For the Aral Sea please check out the following:
Aral Sea Foundation
National Geographic News Aral Sea
NASA World of Change Aral Sea
The Aral Sea Crisis at Columbia University

We'll end the class finishing the Human Footprint DVD that we began yesterday with a seemingly simple question...."How Much do You Consume?"

I need you to continue tracking your family's water consumption for the week and you can use the water footprint calculator at the H20 Conserve website. For more on water as a resource please check out:
Ministry of Environment: Water for British Columbia
United Nations: Water Topics
Encyclopedia of Earth: Water

D Block Crime, Media & Society 12 -  Today we'll look at gender connected to moral panics and crime waves. In Gender, Youth, Crime and Justice Loraine Gelsthorpe and Gilly Sharpe claim that

"recurring moral panics regarding girls’ behaviour, seem to have shifted their focus in recent years – from girls’ sexuality and ‘status’ offending, to their apparently increasing violence and alcohol use – and dwell on the resultant punitive turn towards girls and young women".

This turn towards vilifying young female crime can also be seen in crime media.

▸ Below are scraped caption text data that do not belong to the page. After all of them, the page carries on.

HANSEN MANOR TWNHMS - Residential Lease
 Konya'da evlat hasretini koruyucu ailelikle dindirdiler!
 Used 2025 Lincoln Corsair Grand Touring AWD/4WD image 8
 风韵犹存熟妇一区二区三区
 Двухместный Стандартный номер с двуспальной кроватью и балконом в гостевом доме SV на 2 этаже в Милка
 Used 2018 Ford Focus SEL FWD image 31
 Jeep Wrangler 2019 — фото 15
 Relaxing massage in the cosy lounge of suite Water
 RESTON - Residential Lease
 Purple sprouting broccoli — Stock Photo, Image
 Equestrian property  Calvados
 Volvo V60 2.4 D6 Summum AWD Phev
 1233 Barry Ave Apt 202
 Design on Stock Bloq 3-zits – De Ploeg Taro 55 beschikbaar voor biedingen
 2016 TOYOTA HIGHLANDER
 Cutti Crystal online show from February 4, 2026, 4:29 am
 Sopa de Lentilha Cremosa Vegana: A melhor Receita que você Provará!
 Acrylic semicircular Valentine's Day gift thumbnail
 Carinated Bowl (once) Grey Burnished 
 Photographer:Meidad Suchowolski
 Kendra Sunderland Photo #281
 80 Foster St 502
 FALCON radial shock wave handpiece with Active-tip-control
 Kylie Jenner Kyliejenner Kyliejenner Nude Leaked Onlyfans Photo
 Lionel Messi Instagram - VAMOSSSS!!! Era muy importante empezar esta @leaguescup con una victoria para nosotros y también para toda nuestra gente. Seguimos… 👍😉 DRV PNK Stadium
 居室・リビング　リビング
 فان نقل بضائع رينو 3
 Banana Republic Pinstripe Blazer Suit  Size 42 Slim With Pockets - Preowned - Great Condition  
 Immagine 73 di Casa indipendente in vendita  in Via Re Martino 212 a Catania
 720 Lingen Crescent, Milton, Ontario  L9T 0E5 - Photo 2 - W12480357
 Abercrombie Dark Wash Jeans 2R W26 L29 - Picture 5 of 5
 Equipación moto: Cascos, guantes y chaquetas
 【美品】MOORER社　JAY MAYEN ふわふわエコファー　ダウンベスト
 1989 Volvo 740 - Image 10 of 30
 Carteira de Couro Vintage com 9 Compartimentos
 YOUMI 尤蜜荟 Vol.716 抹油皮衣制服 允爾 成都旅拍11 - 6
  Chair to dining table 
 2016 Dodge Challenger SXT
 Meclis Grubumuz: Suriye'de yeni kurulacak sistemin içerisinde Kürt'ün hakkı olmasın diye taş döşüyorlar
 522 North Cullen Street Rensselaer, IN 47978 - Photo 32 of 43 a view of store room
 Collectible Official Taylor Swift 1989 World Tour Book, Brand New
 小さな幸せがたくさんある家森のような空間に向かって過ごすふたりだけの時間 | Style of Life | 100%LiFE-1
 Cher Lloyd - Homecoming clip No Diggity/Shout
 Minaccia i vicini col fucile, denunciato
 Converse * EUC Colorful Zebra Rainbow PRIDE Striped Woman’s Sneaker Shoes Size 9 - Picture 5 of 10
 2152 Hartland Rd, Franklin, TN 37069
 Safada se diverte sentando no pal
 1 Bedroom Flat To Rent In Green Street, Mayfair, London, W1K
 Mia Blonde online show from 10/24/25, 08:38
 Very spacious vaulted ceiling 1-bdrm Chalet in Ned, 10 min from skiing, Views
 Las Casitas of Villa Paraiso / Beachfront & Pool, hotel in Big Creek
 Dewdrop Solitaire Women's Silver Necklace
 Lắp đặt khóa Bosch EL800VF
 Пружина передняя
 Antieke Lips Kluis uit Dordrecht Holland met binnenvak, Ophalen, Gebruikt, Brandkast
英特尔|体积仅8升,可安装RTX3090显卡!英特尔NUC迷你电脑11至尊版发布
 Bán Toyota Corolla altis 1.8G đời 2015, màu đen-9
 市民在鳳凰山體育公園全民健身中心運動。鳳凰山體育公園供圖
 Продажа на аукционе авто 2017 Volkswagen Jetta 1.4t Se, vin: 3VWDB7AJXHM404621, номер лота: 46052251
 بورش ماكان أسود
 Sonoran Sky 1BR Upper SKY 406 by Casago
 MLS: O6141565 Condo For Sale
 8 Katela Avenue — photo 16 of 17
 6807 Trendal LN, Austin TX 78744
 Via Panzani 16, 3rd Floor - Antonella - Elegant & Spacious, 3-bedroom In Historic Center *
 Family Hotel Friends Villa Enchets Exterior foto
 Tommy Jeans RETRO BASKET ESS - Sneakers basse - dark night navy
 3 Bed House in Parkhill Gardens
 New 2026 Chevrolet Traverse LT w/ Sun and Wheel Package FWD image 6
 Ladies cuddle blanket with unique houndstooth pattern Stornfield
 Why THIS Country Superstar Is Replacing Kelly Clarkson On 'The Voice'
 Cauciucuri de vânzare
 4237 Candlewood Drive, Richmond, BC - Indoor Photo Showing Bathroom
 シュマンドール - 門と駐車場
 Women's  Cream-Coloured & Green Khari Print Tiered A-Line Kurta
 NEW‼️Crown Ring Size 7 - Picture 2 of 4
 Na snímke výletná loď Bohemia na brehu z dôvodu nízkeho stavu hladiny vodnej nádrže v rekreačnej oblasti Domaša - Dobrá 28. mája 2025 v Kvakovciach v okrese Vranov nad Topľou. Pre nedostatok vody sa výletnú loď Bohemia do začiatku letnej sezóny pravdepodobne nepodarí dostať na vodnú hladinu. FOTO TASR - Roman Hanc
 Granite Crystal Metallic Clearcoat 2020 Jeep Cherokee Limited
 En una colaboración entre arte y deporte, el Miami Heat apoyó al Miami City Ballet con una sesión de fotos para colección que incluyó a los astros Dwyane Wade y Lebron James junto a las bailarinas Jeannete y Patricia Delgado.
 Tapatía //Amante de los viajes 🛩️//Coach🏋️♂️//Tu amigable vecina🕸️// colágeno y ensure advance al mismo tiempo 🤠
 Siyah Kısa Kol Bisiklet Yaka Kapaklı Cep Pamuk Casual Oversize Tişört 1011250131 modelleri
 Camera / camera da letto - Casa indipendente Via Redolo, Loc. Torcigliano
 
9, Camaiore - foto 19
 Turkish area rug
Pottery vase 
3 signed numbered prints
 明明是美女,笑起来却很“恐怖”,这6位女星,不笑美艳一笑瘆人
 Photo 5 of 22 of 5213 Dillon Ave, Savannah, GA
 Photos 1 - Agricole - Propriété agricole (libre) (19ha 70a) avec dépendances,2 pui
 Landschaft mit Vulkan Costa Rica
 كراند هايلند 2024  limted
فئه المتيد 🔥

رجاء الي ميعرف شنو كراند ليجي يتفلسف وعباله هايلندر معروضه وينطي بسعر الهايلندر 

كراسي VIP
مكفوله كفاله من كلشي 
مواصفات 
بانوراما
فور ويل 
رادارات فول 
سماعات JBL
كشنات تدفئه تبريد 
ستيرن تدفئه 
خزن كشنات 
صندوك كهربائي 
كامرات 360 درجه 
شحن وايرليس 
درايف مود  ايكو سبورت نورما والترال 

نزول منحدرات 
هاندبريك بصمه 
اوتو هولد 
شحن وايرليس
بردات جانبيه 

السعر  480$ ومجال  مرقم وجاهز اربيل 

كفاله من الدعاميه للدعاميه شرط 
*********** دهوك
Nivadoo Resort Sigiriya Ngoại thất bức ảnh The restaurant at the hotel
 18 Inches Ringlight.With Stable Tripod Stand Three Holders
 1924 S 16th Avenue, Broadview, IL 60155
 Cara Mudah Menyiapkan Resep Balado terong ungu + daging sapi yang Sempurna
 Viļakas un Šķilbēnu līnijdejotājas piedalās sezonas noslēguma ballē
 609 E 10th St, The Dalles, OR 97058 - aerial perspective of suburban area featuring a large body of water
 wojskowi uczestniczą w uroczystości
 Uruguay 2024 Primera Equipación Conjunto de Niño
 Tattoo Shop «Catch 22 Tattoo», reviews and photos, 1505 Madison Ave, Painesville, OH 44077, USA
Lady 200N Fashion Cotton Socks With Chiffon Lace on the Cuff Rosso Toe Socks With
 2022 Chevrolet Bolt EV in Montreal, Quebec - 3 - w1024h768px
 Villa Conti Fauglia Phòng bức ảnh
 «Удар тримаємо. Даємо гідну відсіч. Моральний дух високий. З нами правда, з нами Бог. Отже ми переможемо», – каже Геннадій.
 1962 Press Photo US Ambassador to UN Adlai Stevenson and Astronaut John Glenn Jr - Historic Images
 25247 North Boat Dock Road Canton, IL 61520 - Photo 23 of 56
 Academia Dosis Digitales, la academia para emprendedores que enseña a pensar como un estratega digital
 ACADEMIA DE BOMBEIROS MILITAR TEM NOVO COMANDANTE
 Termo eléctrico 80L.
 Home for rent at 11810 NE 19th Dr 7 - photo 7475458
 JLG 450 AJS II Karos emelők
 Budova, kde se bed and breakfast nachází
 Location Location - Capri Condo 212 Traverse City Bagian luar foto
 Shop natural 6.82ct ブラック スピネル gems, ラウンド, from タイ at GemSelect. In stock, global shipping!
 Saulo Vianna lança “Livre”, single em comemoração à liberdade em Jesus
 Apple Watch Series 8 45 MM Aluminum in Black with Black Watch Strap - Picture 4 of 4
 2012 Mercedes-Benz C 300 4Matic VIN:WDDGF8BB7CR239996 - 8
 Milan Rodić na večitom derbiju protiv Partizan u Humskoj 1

Today we'll look at the Madonna-Whore complex in crime media which is most clearly covered through the topic of rape (think Law & Order: SVU). This complex refers to a dualism in Western patriarchal discourse, which seeks to explain the behavior of women and the desires of men. On one hand, women are rewarded for being the sexual play objects of men (i.e., whores), and on the other hand, women are given clear messages that true grace only derives from marital chastity (i.e., Madonna). We'll see how women are portrayed as victims and as perpetrators in crime media and see if the Madonna-Whore complex applies.

To do this we'll watch "Deadly Women" which deals with Diane Downs and then after we'll look at the DVD "Mothers Who Kill" which deals with Susan Smith, Andrea Yates and Marylin Lemack. After that we'll try to make sense of the women we've taken a look at.